[Stored dataset items]
◇ ◇ ◇ ◇ ◇

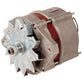Alternator W/O Pulley Fits Case Replaces A187623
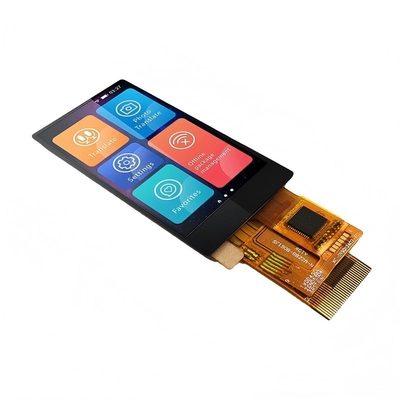Display LCD TFT IPS da 1,9" | Interfaccia SPI/Parallela 176x320 | Driver ST7789P3 | Industriale -20℃~70℃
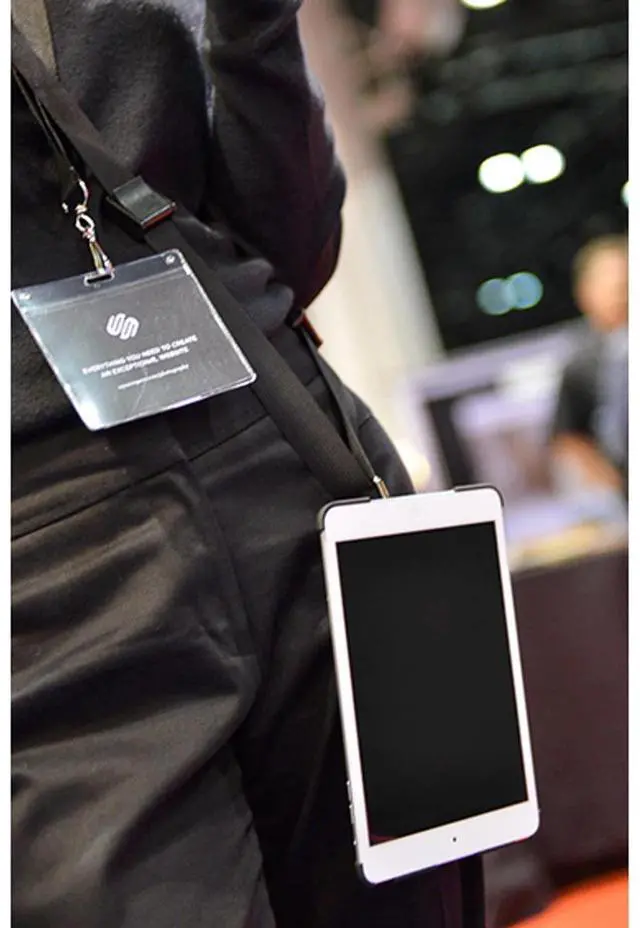 Alt view image 7 of 7 - Tether Tools Hitch D-Ring for Use with X Lock Connect Lite, X Lock Case, and Camera Strap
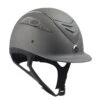 One K Defender Chrome Stripe Helmet - Grey Matte Chrome Stripe -Ovation Store 346550 800 800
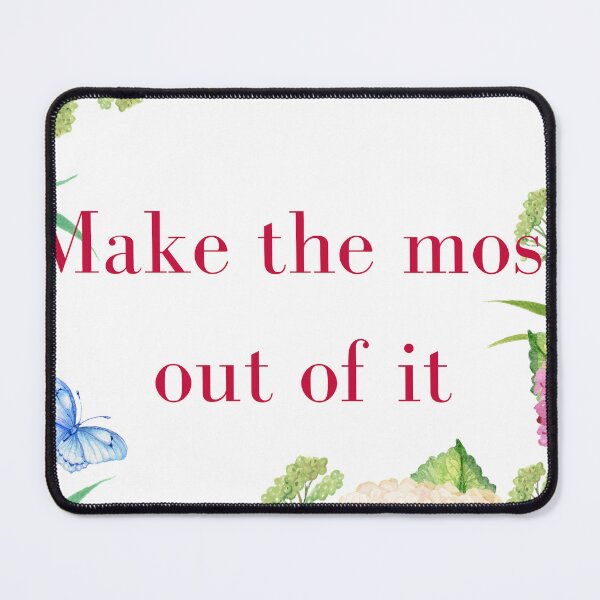 Item preview, Make the most out of it designed and sold by Xylersie.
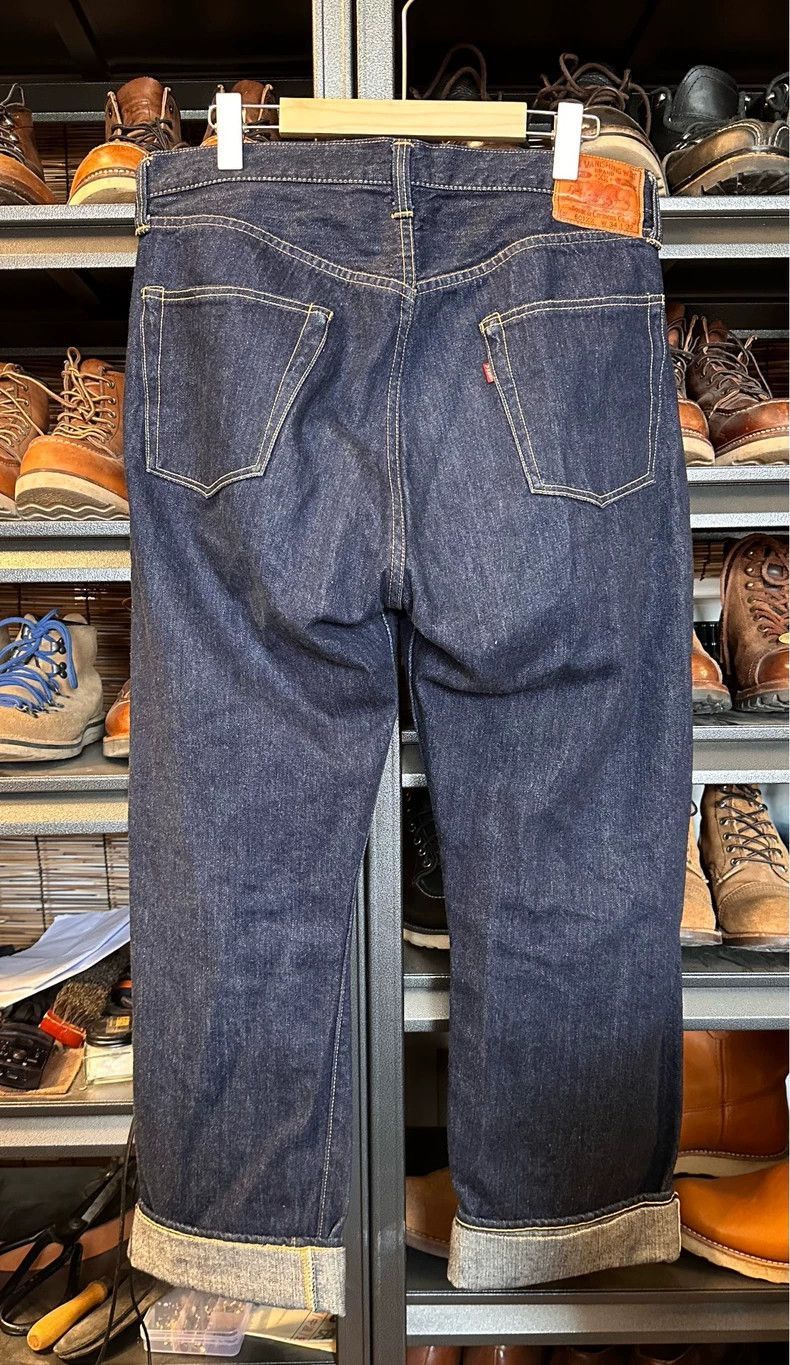 Freewheelers Heavyweight Freewheel Denim Jeans for Sale-2506 Size US 36 / EU 52 - 1 Thumbnail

◇ ◇ ◇ ◇ ◇

What the task requires =
Word for word, set down each record shown above, omitting the pictures.

Worked solution =
Alternator W/O Pulley Fits Case Replaces A187623
Display LCD TFT IPS da 1,9" | Interfaccia SPI/Parallela 176x320 | Driver ST7789P3 | Industriale -20℃~70℃
 Alt view image 7 of 7 - Tether Tools Hitch D-Ring for Use with X Lock Connect Lite, X Lock Case, and Camera Strap
 One K Defender Chrome Stripe Helmet - Grey Matte Chrome Stripe -Ovation Store 346550 800 800
 Item preview, Make the most out of it designed and sold by Xylersie.
 Freewheelers Heavyweight Freewheel Denim Jeans for Sale-2506 Size US 36 / EU 52 - 1 Thumbnail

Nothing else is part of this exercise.